As a Hudson parent, over the last few school days, you may have experienced spontaneous teacher-initiated “check-ins” by the classroom door, official parent-teacher conferences, and a closed-door meeting with the School Director. No, your children are neither in trouble, nor are they gifted.
They are being co-taught by the school community in tandem with their family. We are education partners. Its imperative for all of us to communicate in a meaningful way. And to do so whenever and wherever possible.
In “How to Tell if Your Child is Transitioning Well” specific, individualized conversation with school staff is highlighted as a top factor in assuring smooth school-year sailing.
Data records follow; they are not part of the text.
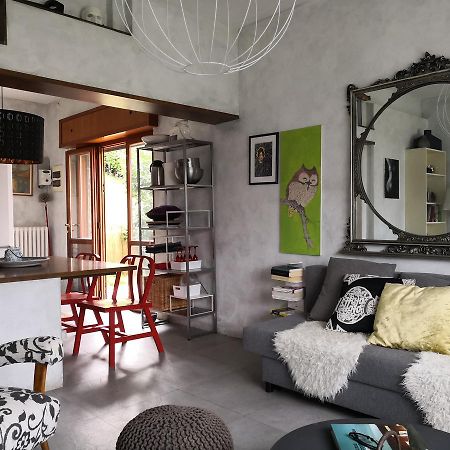 Villa De Hura Apartment Бергамо Екстериор снимка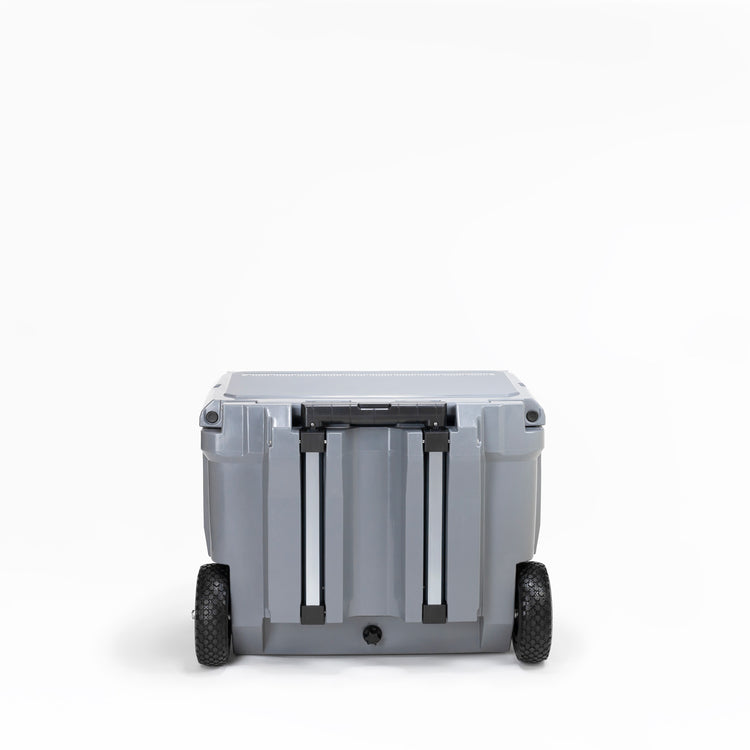 アイスロッククーラー 60QT ローラー / ICE ROCK cooler 60QT Roller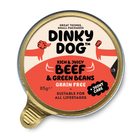 Dinky Dog Wet Dog Food: Beef & Green Beans
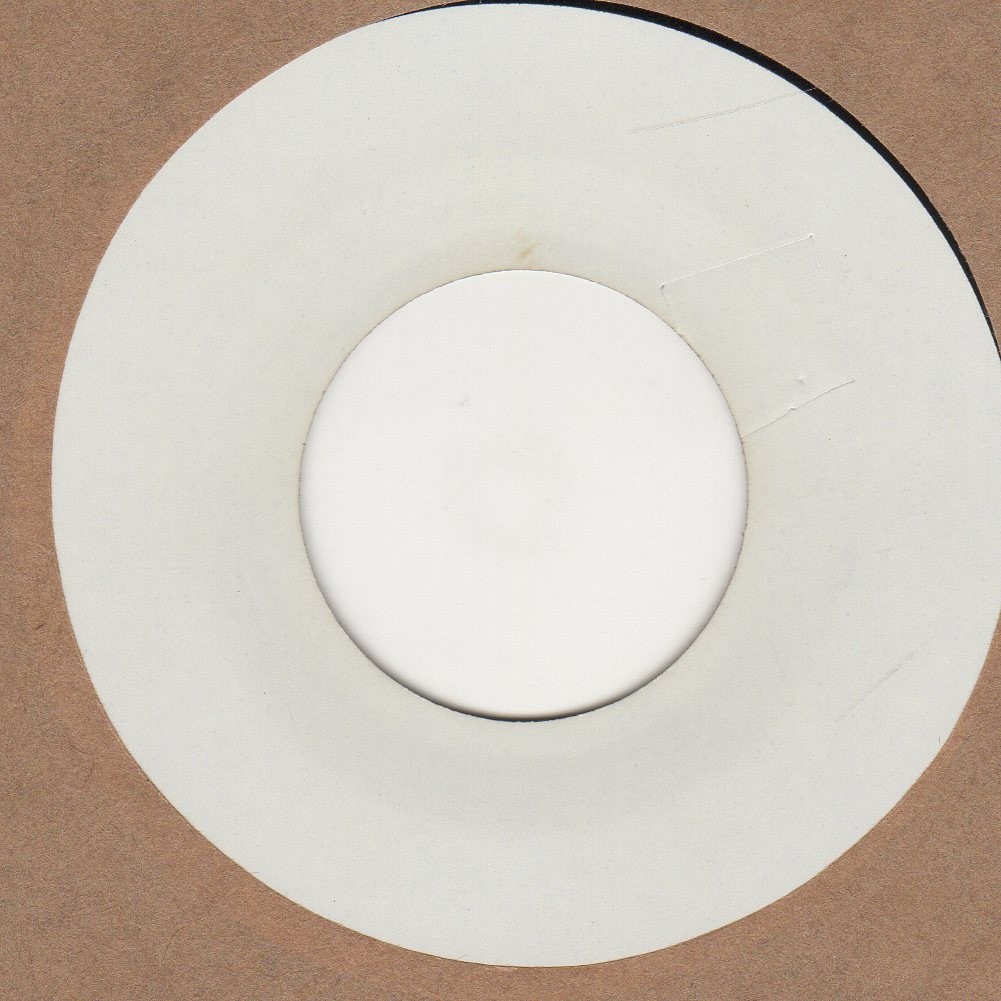 Ghost In My House (unissued instrumental)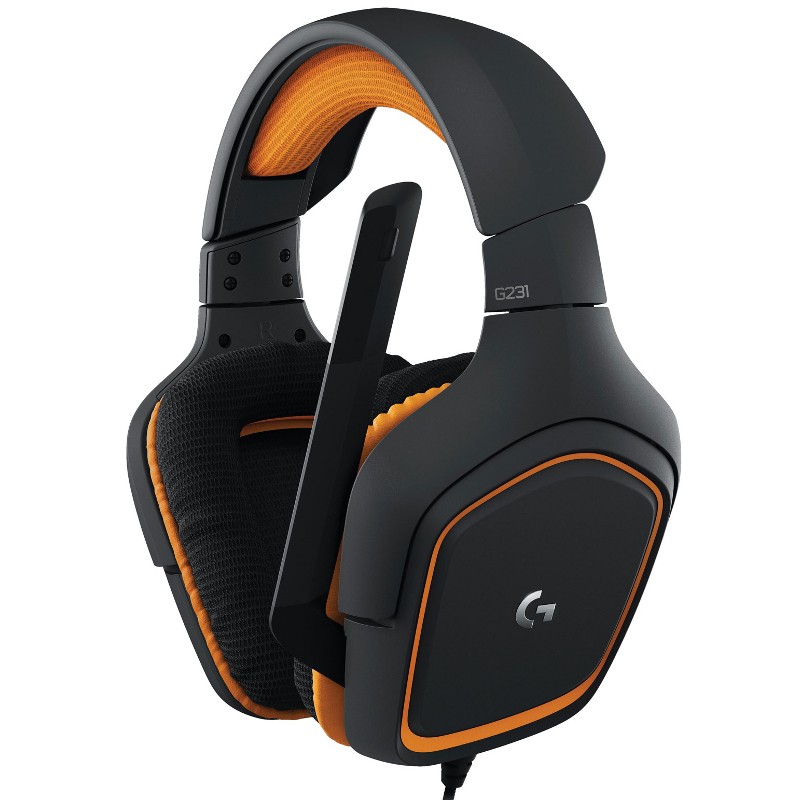 Auriculares Gaming Logitech Prodigy G231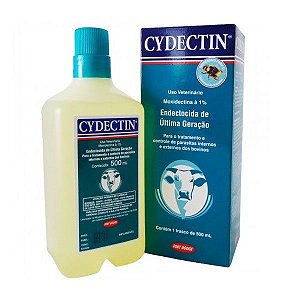 Cydectin Injetável 500 ml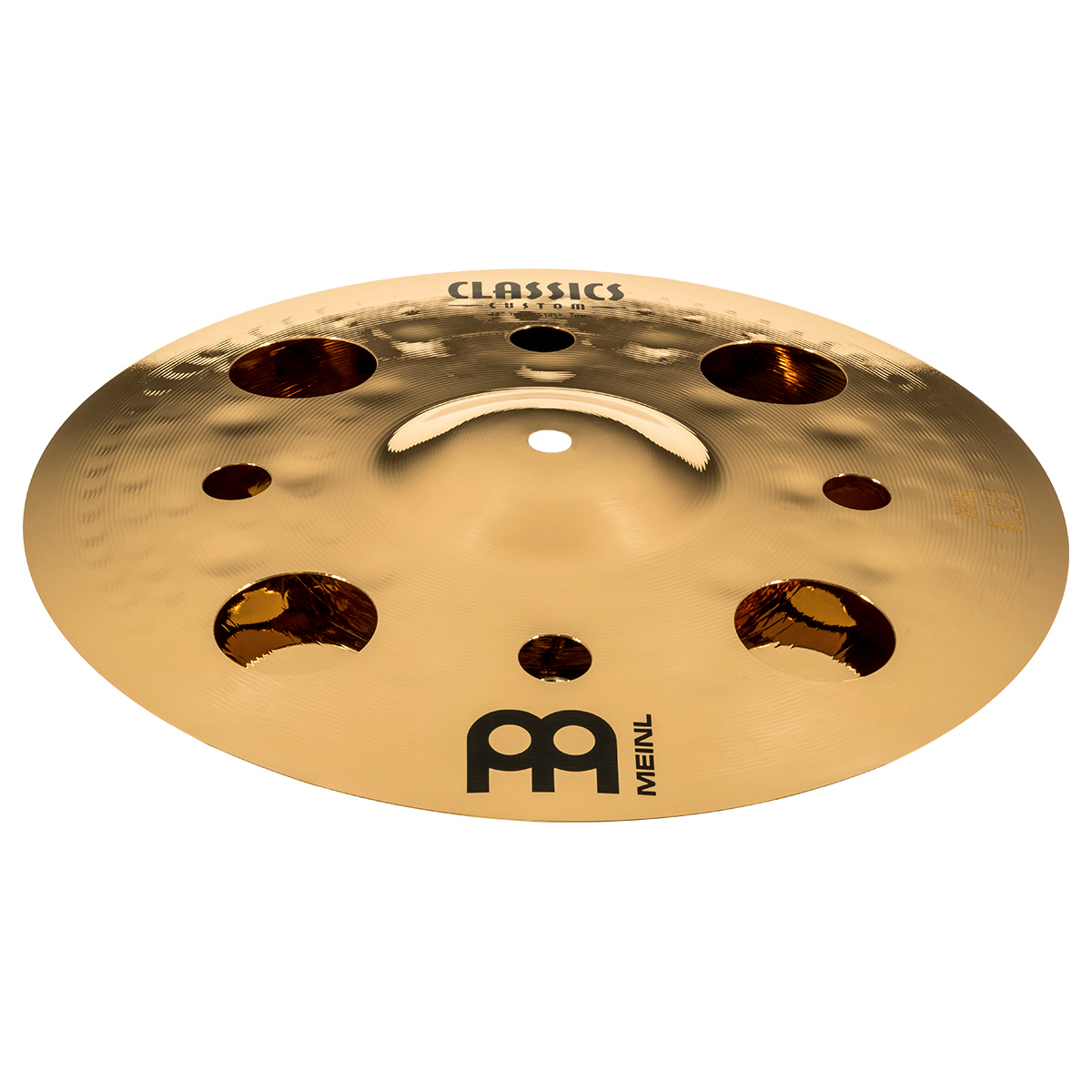 Foto 9 pulgar | Platillo Splash Stack Meinl Cc-12stk 12" Batería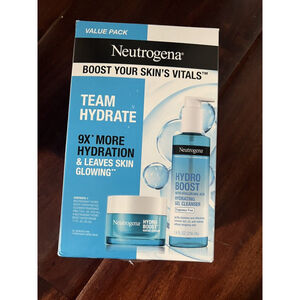 Neutrogena Team Hydrate - Value pack Hydro Boost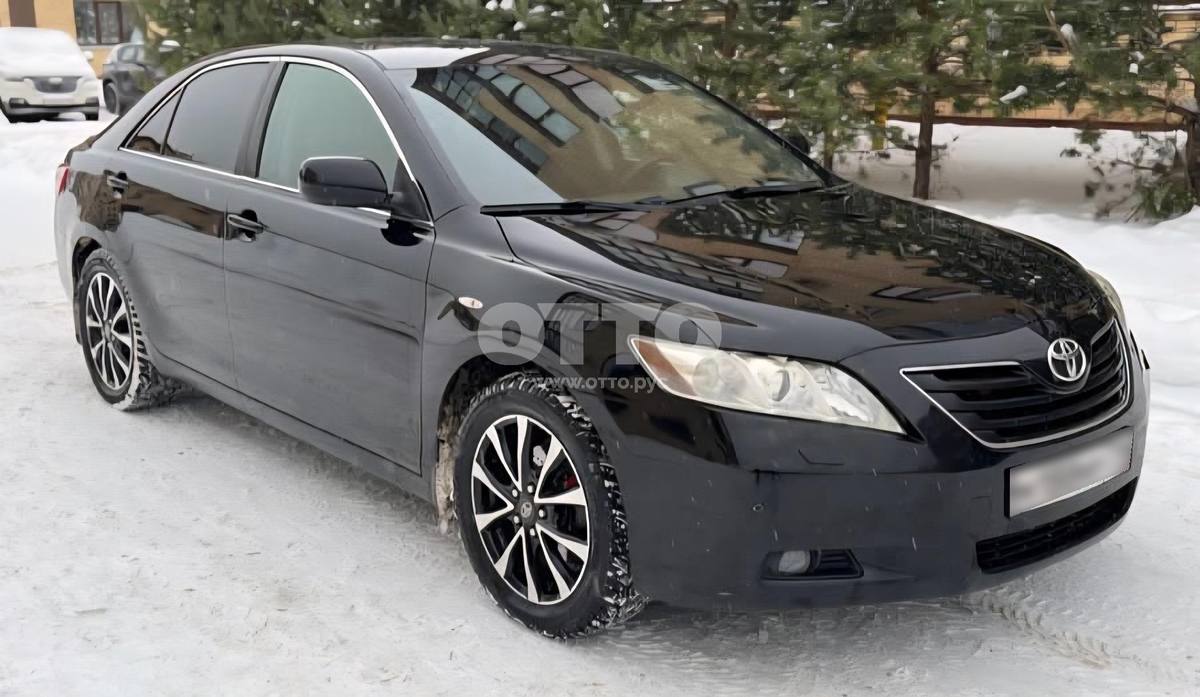 Toyota Camry VI (XV40) седан продажа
Unfortunately, we all know instances where “individualized meaningful school communication” is nothing but an oxymoron and a marketing phrase.
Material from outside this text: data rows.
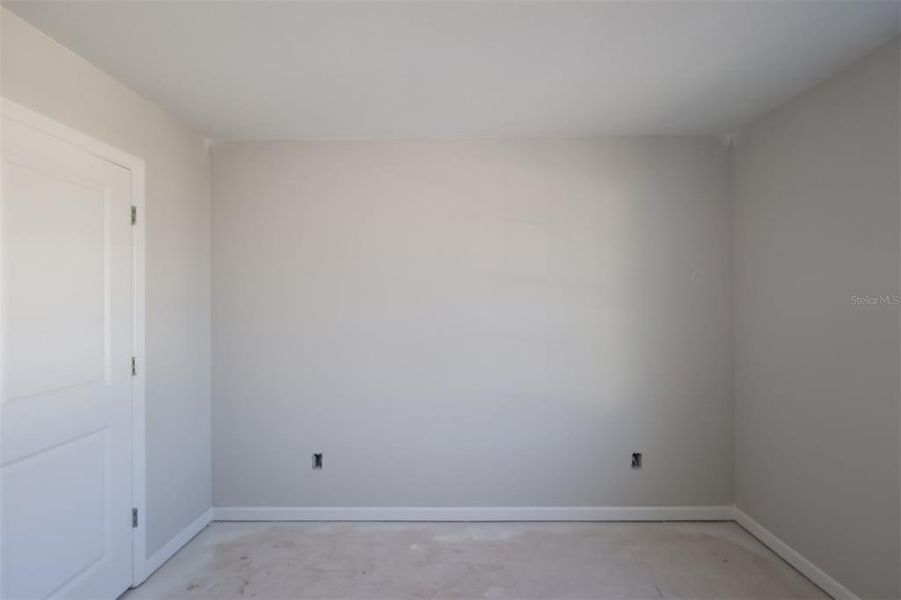 In-progress construction of a new home in Eden at Crossprairie, St. Cloud, FL (Image 6).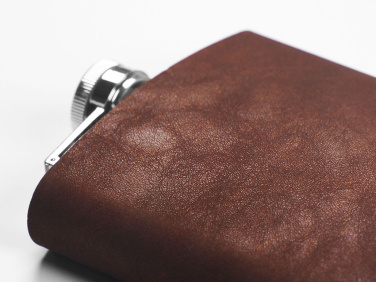 Logotrade promotional gift image of: Hip flask 425325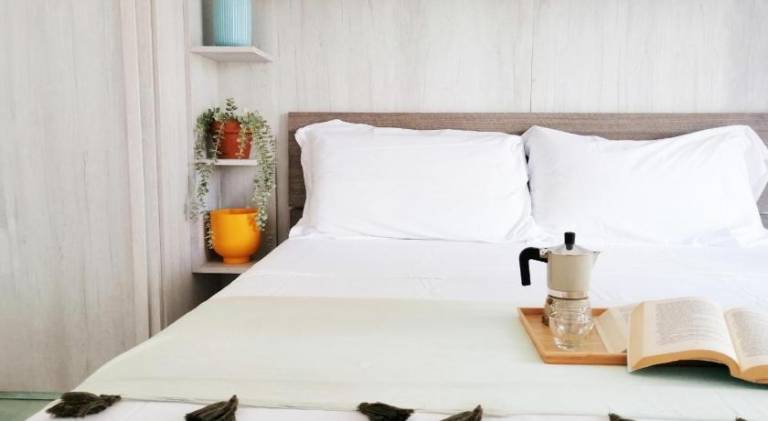 Holiday apartment with 1 room for 4 persons in Alba Adriatica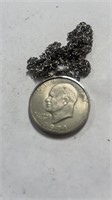Eisenhower necklace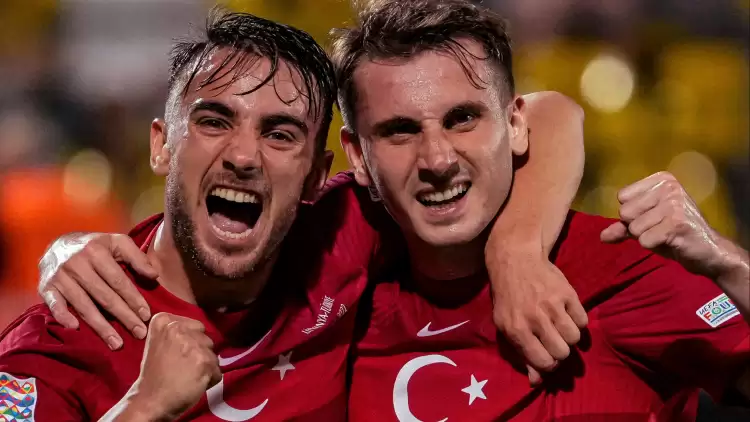 AS Roma, Galatasaray'dan Yunus Akgün'ü Transfer Etmek İstiyor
“The ABC’s of Communicating with Your Child’s School” put out by Putnam City School System, literally correlates a helpful tip with each letter of the alphabet. It’s a thorough and exhaustive list. Ask questions whenever you have a concern, Build your child’s confidence with regular communication, Clarify language you don’t understand….
Don’t worry, we are not going through the whole piece… You can click the link for more information on the basics of information-sharing and its importance.
There is a cornerstone to making all this work though, because school communication can be wrought with frustration, worry, and let’s face it, some pretty strong egos.
Simply, yet not to be underestimated, what you say and how you say it has tremendous impact on the effectiveness of school communications. Positive relationships are built on positive language. Kind, gracious, appreciative and cooperative words focus conversations on successful outcomes. They model for our children how we wish to be spoken to. They break barriers, and build firm foundations.